Ein Höhepunkt jeder Grundausbildung, so auch bei uns ist da mehrtägige Biwak im Wald. Hier konnten wir unser neu erworbenes Wissen über Tarnen und Täuschen, Aufbau der „Dackelgarage“ (Zweimannzelt) und dem Stellungsbau anwenden und bekamen weitere Dinge, die für das Leben im Felde wichtig sind, beigebracht! Auf der einen Seite machte es richtig Spaß, auf der anderen Seite setzte der wenige Schlaf uns extrem zu, was den Rückmarsch mit dem schweren Gepäck zur Hölle machte! In der Kaserne angekommen, wollte jeder eigentlich nur noch ins Bett, denn wir schliefen fast im Stehen ein, aber erst Abends nachdem die Waffen und die Ausrüstung gereinigt waren, konnten wir uns endlich nach 4 Tagen wieder duschen, uns die Tarnschminke abwaschen und schlafen gehen!

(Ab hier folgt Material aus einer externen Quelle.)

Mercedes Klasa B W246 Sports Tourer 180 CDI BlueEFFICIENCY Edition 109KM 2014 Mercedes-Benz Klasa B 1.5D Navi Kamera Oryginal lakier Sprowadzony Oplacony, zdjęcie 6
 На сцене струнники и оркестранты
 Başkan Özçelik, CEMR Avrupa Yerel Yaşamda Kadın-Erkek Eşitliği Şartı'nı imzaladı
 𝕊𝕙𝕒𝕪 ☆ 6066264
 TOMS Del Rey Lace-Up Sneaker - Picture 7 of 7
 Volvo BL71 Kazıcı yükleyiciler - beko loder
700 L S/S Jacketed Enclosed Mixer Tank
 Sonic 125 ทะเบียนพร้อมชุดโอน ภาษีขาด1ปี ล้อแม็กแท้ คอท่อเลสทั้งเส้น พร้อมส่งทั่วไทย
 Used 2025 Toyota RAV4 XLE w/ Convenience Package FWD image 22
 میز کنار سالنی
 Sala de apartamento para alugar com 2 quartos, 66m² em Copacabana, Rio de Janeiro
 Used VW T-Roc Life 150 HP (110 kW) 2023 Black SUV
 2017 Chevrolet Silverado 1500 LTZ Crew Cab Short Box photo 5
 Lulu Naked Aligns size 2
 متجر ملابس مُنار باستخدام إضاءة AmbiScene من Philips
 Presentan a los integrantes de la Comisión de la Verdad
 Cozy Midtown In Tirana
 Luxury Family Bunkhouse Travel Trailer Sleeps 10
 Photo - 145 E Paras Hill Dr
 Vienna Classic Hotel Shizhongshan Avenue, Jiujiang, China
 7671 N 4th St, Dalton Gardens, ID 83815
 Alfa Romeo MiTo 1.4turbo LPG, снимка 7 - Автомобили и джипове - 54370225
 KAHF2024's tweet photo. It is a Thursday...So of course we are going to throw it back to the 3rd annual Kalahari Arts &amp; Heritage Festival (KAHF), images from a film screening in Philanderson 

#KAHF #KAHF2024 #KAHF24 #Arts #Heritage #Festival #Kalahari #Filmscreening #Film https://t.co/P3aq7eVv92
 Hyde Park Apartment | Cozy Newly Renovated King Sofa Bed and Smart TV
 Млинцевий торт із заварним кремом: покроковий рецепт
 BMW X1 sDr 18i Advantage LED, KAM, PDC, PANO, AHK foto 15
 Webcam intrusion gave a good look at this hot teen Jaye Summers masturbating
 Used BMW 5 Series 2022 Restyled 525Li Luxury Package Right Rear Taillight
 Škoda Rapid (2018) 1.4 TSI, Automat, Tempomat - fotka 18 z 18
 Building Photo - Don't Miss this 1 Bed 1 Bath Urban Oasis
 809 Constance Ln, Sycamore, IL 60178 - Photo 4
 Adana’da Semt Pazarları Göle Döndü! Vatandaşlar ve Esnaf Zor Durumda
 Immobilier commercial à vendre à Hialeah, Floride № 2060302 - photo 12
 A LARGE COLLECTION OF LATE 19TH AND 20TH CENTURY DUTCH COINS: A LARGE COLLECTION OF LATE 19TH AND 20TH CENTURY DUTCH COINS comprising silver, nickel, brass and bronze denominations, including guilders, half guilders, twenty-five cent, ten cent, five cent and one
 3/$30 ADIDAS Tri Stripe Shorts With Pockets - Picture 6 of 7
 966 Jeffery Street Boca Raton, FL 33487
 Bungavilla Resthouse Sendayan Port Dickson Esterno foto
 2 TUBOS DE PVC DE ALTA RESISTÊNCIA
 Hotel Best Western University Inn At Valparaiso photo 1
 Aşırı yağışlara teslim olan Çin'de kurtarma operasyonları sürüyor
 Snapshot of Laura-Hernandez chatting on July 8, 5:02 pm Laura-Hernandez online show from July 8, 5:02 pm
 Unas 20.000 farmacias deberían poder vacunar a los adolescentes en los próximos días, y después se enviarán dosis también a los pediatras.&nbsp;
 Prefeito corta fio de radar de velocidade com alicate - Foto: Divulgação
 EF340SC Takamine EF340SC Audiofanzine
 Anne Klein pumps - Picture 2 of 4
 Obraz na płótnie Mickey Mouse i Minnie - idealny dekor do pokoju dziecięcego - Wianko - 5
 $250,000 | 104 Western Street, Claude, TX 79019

Den Abschluss der Grundausbildung bildete die zweitägige Rekrutenbesichtigung, in der wir zeigen mussten, was wir alle gelernt hatten! Hier wurde noch einmal alles abverlangt   –  so wurden wir bereits um vier Uhr Nachts mit einer Fliegersirene geweckt, mussten unser Marschgepäck anlegen, die Gesichter mit Tarnschminke bemalen und zum Standortübungsplatz marschieren, wo ein Teil der Überprüfung stattfand! Nachdem wir am nächsten Tag völlig erschöpft vom langen Marsch ankamen, waren wir alle glücklich und stolz den größten Teil der AGA geschafft zu haben!

Eine Woche später kamen wir dann zu unseren Stammeinheiten, in denen wir unserer restliche Dienstzeit verbringen sollten!
Ich fühlte mich mittlerweile so wohl bei der Bundeswehr, dass ich beschloss noch freiwillig länger zu dienen! Den Schritt die Wehrpflicht abzuleisten und nicht zu verweigern habe ich außer in den ersten zwei Wochen nie bereut!